Bush had a chance to salvage the situation, said Spain’s El Pais in an editorial. When he toured the disaster zone a few weeks after the storm, the president pledged that the government would launch “one of the largest reconstruction efforts the world has ever seen.” He promised to rebuild New Orleans better than ever—just as he promised to rebuild Iraq. But “as the Iraqis discovered, allocating money and using it effectively are two different things.” A full year after the hurricane, half the residents of New Orleans are still displaced. Demolition hasn’t even begun on the rotting houses in the mostly black Ninth Ward.

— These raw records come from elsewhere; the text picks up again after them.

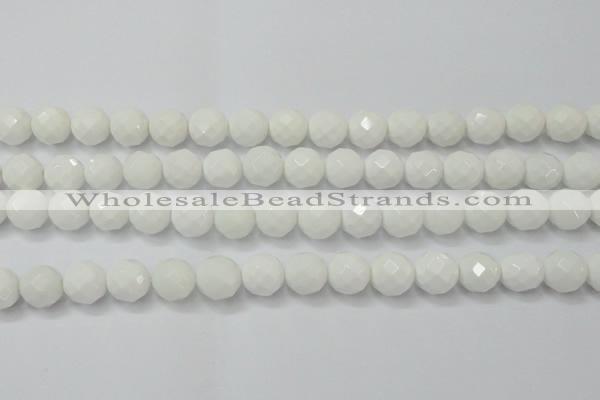 CAG6102 15.5 inches 8mm faceted round white agate gemstone beads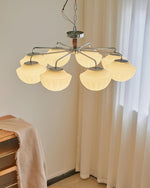 Ribbed Walnut Ceiling Lamp – Modern Flush Mount Light for Living Room & Bedroom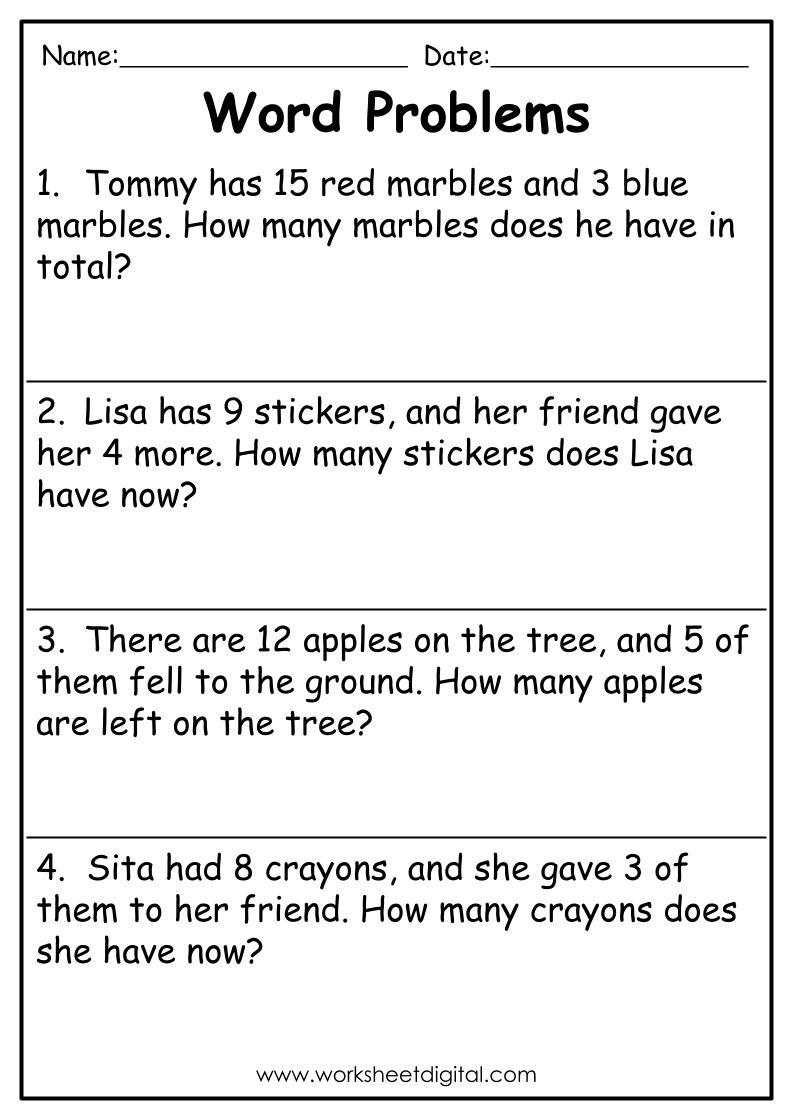 Word Problems Grade 1 - Worksheet Digital - Worksheets Library for Free Printable 1St Grade Math Word Problems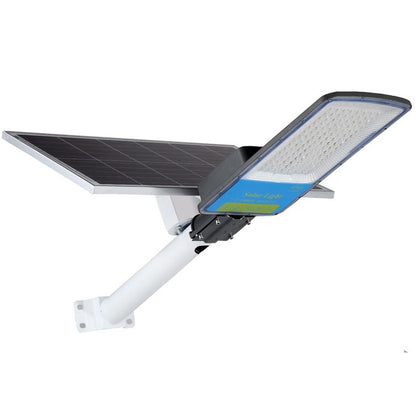 Lampa solara stradala Klevo, IP66, senzor de lumina, 120 LED-uri SMD, 1800 lm, panou 20W, putere 100W, autonomie 12-16 ore, telecomanda, montare prin fixare, pentru strada sau gradina, finisaj mat, material ABS,  49 x 21 x 5.5 cm, gri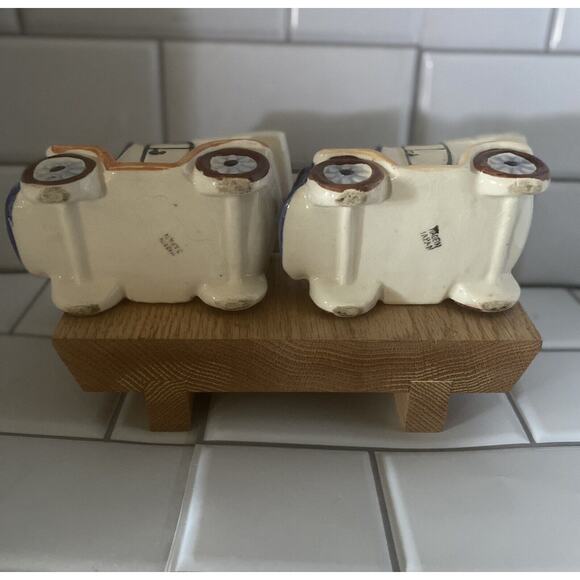 Vintage Ceramic Car Planters 5 x 3 x 3, Trinket Holders Decor Blue Yellow White - Picture 5 of 8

It’s just another in a long string of Bush failures, said Ray O’Hanlon in Northern Ireland’s Irish News. “The man who talks so much about missions and completing them is surrounded by the wreckage of uncompleted missions.” Iraq is the most obvious, of course, but let’s not forget Afghanistan, where the Taliban is resurgent and Osama bin Laden still walks free. Even the domestic initiatives Bush tried to push, such as immigration reform and Social Security reform, are dead in the water. The real shocker would be if he had actually delivered for New Orleans.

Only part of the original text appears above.